いきもの
Q. 何で虫は殺してしまってはいけないのですか? (6歳、男の子)
A. 高家先生:実はわたしは虫をたくさん殺してきました。なぜ殺してきたかと言いますと、虫は悪いこともしますし、良いこともします。悪いことは野菜を食べたりすることです。ですから、どうしてもそういう虫を殺さないと私達は食べていけないのです。また、人の血を吸いにくることもあります。
おねえさん:蚊のことですね。
高家先生:ええ。ですから多くの科学者は虫をどうやって殺そうかという研究をしてきました。ところで蚕は知っていますか?
男の子:知りません。
高家先生:蜜蜂は知っていますか?
男の子:はい。
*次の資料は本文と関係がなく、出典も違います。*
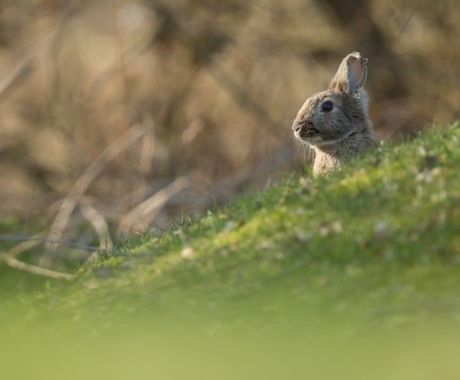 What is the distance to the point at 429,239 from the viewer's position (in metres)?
8.26

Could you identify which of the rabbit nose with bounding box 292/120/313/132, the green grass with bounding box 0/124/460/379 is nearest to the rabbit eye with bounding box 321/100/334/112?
the rabbit nose with bounding box 292/120/313/132

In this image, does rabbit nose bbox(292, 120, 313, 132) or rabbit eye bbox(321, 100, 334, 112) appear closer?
rabbit nose bbox(292, 120, 313, 132)

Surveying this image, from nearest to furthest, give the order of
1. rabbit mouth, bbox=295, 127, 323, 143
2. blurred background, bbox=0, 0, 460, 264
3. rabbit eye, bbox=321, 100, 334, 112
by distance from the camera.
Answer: rabbit mouth, bbox=295, 127, 323, 143 < rabbit eye, bbox=321, 100, 334, 112 < blurred background, bbox=0, 0, 460, 264

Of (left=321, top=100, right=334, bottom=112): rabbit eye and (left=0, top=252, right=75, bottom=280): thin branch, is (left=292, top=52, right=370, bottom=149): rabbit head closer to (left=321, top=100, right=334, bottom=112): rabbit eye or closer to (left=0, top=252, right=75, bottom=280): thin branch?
(left=321, top=100, right=334, bottom=112): rabbit eye

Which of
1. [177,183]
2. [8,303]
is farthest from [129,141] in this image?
[8,303]

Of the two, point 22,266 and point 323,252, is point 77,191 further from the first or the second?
point 323,252

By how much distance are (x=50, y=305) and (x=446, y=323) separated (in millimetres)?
3851

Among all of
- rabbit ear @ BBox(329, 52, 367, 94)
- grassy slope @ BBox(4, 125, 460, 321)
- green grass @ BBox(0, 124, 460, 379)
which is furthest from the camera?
rabbit ear @ BBox(329, 52, 367, 94)

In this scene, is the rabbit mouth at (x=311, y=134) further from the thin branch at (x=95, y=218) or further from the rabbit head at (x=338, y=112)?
the thin branch at (x=95, y=218)

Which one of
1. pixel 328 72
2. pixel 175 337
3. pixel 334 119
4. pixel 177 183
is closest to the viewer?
pixel 175 337

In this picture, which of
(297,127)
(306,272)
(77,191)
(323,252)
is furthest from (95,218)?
(306,272)

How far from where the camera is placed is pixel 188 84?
20.8 meters

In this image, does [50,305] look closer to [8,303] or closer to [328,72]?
[8,303]

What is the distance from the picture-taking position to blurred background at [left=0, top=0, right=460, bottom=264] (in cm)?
1955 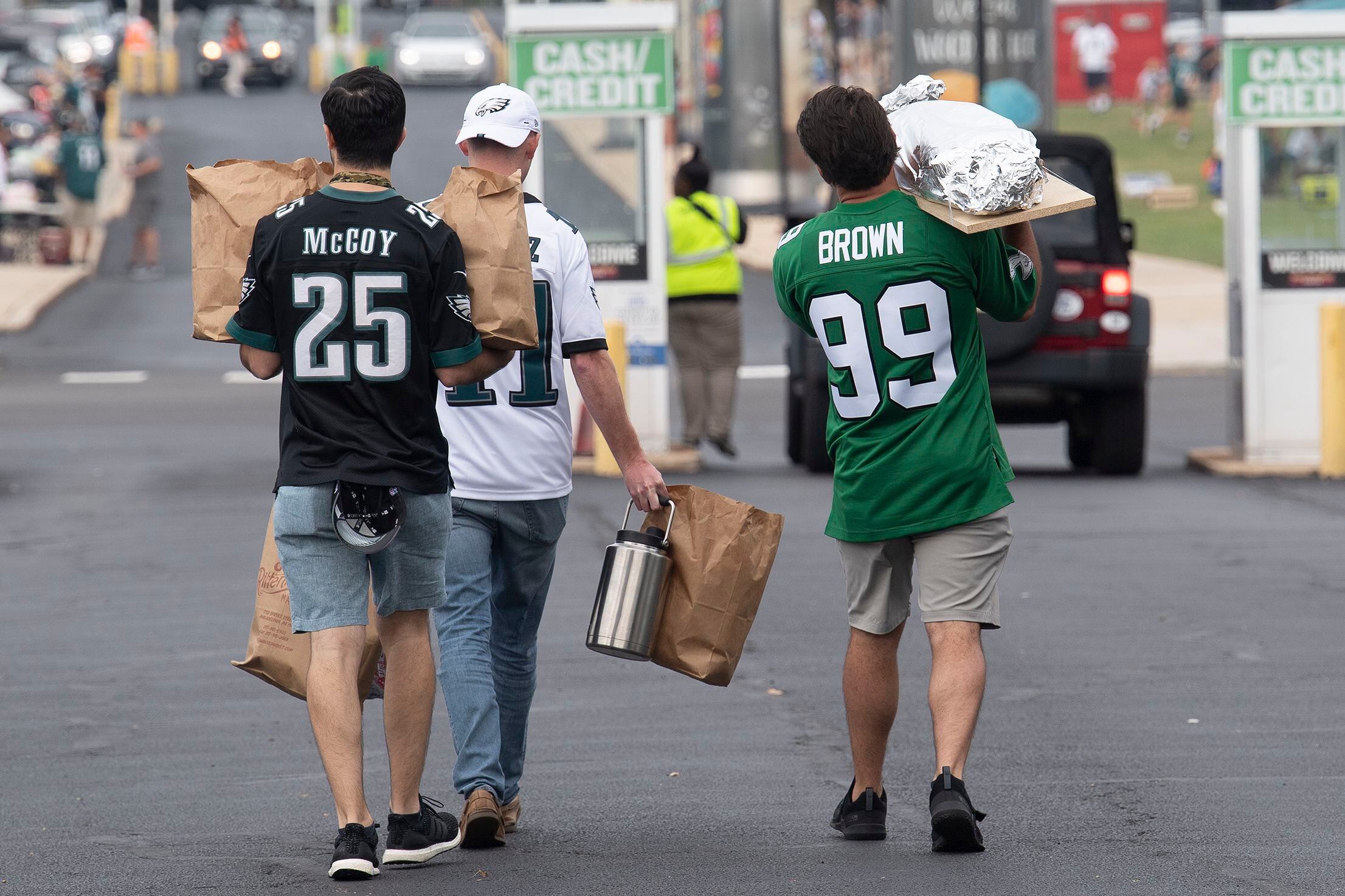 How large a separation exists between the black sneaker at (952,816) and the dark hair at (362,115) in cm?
203

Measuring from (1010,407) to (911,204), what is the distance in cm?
810

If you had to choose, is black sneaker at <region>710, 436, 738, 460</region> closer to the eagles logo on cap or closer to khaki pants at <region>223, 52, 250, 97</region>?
the eagles logo on cap

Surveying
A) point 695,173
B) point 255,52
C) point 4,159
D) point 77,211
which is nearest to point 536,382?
point 695,173

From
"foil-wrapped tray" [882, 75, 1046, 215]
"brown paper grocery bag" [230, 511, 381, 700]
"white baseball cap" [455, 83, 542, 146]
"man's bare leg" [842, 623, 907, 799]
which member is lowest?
"man's bare leg" [842, 623, 907, 799]

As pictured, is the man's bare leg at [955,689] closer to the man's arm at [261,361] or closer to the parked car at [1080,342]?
the man's arm at [261,361]

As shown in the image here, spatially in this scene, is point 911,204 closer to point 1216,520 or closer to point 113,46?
point 1216,520

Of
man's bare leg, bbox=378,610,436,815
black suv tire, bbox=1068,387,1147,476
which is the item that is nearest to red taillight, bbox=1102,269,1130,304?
black suv tire, bbox=1068,387,1147,476

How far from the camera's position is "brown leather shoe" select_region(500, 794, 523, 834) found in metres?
5.31

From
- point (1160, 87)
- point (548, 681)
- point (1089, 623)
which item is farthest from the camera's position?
point (1160, 87)

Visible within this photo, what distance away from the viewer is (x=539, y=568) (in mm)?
5402

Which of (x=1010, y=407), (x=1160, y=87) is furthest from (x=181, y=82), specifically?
(x=1010, y=407)

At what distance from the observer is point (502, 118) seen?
5.23 meters

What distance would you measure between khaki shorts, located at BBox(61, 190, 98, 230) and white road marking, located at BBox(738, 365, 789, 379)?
42.6ft

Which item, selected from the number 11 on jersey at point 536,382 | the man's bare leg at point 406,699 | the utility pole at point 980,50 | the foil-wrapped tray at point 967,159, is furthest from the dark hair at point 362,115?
the utility pole at point 980,50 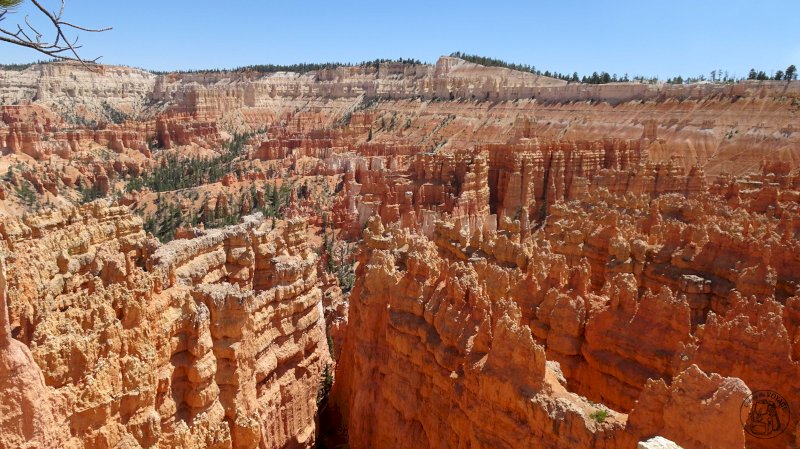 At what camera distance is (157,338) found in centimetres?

知っています。
高家先生:たくさん甘い蜜を集めてくれますよね?
男の子:はい。
高家先生:それは役に立ちますよね。
おねえさん:ハチミツになりますよね。
高家先生:蚕というのは、絹糸を出してくれます。大切なこともしてくれますし、嫌なこともしてくれます。だから、どうしてそういうことをしないようにするか、良いことをしてくれるようにするか、研究する時にわたしは虫を殺しました。何故なら虫のことがよくわからなかったからです。
男の子:はい。
高家先生:小さい時はよくわからずにそういうことをしていましたが、大きくなってから「こういうことなんだ」とわかって育てることも殺すこともしてきました。虫を観察していると面白いことをしますよね?
男の子:はい。
高家先生:そういうことを勉強して昆虫が私達に楽しくしてくれるのかな、というのがわかりました。なので生かすことも殺すことも必要でした。
おねえさん:難しいですねえ。
高家先生:ですから虫の性質を知るにはどうしても殺さなければいけないこともありました。人に病気をうつすのは非常に困ります。蚊なんかはそうです。
男の子:はい。
兵藤先生:ところでゴキブリを殺すのはとても嫌で、わたしの家族は皆ゴキブリを見ると「キャーッ」と言って大変な騒ぎになります。でもゴキブリは人間にとって嫌なことはそんなにしないそうです。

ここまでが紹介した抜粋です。